It’s Wednesday, Maggie

It’s Wednesday. I’m sitting by the window at 1842, finishing off a double espresso. I didn’t eat any breakfast, and the caffeine is making me a little sick. There are only a few customers here this morning, and the whole place is quiet, despite CNN flashing tragic London bombing scenes over and over again. Familiar faces occasionally come in, order coffee and leave again. I don’t know any of them, but I see them all the time. Waterloo is such a small town.

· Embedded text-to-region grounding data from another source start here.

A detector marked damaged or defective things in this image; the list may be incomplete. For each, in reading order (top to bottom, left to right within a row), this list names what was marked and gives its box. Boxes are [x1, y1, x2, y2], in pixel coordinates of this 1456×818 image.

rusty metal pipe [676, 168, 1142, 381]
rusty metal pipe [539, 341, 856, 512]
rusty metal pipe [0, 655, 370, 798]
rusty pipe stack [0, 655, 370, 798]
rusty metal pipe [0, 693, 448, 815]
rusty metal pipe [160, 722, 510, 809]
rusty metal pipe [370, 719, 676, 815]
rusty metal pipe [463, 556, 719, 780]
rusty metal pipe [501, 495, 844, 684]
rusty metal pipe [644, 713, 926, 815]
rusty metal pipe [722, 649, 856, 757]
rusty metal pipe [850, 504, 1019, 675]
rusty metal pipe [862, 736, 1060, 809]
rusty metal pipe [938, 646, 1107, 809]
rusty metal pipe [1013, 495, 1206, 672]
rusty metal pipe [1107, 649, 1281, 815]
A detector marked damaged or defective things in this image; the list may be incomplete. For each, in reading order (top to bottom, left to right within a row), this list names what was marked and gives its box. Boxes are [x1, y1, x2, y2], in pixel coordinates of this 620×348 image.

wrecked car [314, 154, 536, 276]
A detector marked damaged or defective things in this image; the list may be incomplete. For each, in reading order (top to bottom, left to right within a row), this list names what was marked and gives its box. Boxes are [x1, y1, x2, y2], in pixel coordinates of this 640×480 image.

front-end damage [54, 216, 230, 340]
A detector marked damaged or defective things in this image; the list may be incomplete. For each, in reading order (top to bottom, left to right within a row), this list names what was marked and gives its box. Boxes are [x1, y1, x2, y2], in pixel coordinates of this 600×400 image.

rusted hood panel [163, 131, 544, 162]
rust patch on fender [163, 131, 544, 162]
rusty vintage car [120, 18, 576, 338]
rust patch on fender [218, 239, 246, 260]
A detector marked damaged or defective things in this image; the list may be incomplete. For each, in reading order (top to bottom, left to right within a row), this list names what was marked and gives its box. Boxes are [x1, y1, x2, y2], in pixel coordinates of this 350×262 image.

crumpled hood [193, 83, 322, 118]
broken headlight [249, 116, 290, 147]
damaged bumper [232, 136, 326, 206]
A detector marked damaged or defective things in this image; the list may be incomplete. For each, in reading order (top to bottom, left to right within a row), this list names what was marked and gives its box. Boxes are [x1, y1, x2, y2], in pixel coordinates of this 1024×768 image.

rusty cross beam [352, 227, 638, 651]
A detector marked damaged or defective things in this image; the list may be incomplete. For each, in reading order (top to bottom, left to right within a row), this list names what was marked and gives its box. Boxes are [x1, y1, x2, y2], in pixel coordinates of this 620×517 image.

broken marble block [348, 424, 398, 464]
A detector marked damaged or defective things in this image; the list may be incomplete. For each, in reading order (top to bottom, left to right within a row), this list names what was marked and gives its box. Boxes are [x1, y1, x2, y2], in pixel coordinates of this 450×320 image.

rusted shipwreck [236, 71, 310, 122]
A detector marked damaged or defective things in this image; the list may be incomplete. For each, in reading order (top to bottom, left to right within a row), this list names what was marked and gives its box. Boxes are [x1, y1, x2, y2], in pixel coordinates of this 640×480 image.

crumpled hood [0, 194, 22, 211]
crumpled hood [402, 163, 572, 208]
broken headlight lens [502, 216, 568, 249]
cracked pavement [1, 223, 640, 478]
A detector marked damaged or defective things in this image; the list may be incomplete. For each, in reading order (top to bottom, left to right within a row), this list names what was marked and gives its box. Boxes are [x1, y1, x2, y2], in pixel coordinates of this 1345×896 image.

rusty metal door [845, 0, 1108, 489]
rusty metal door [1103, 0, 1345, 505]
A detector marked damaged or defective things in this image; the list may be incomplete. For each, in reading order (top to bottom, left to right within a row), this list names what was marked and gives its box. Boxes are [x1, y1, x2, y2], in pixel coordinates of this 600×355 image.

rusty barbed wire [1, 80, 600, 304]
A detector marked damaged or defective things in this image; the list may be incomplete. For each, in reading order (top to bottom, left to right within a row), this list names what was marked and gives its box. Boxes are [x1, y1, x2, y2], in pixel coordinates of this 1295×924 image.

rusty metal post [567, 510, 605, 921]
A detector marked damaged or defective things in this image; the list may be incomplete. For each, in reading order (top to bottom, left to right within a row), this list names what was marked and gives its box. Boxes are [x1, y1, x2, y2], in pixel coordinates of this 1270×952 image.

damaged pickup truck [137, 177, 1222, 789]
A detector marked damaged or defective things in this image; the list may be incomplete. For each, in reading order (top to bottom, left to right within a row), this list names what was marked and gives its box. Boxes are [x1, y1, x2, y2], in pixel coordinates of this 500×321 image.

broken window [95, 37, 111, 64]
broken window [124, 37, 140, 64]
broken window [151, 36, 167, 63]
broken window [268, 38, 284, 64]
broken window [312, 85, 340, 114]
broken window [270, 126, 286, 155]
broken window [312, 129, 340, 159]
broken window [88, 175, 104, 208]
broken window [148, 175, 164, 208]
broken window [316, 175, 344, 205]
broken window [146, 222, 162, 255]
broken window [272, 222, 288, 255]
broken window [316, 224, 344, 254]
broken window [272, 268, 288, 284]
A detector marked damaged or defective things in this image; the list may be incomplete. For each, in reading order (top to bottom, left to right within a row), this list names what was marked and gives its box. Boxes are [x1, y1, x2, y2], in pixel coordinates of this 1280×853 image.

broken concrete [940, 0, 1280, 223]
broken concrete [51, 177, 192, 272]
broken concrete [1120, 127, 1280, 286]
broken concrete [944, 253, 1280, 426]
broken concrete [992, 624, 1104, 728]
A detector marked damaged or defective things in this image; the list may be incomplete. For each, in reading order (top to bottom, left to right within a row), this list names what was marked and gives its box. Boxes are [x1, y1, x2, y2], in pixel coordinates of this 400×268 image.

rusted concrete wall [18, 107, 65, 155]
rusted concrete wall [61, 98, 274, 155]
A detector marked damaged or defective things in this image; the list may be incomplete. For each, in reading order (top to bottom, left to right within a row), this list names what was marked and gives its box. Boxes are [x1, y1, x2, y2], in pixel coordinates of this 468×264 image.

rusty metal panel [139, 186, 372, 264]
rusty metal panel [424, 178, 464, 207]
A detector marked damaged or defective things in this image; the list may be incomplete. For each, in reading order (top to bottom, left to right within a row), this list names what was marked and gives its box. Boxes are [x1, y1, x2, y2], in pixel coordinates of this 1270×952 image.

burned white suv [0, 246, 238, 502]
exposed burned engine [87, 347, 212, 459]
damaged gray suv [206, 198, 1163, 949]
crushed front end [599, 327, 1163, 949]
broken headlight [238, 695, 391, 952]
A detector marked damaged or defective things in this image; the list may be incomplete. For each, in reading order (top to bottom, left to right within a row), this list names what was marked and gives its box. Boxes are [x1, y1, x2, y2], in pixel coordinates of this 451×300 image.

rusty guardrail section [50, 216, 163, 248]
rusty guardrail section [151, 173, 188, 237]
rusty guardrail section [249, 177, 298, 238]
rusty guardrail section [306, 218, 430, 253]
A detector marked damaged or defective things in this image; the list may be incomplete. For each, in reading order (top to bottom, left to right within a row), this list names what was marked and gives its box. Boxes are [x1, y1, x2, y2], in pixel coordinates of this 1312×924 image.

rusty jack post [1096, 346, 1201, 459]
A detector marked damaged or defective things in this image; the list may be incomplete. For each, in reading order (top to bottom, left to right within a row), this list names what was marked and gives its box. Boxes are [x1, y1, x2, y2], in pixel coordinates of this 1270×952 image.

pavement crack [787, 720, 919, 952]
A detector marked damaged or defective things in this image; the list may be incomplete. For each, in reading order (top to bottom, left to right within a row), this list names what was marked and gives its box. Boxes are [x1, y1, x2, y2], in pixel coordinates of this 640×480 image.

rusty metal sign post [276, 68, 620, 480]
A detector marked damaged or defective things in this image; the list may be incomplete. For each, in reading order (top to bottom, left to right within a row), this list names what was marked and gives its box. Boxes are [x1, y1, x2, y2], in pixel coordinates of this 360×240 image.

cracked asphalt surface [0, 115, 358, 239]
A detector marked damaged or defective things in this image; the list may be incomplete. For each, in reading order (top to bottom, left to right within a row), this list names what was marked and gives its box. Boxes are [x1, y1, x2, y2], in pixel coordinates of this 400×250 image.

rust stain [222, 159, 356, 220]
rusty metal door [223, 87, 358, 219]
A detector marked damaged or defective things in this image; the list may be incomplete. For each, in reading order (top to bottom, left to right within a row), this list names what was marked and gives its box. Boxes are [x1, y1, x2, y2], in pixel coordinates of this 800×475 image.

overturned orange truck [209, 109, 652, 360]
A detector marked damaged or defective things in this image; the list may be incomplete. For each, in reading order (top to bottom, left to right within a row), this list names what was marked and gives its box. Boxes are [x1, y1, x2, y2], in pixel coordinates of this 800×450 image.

I finished reading “Maggie Cassidy” (finally). It was a bit of a slow starter, and focused much too much on Duluoz’s (Kerouak’s) awkward relationship with Maggie. I felt I was getting too close to their relationship — like I was really intruding on a disaster-bound teen romance. Otherwise, it was a magnificent read. Like with his other books and avatars, Kerouac started moving faster and faster, becoming more worldly, experienced, and restless. The last half of the book breezed by, and I didn’t want it to end. But it ended quite abruptly, and in classic Kerouac fashion, with no satisfaction … just a stop in the writing, with a cruel, realistic commentary on the death of childhood innocence and teenage love.
I’m not sure where the Kerouac literary timeline would head after this, maybe “Town and Country”? I’ll probably want to check that one out next.
In the meantime, I’ve picked up “Voodoo Science” again. Good reference on fake scientific claims that get passed off as real because of sensationalized media coverage, or lazy/non-existent peer review.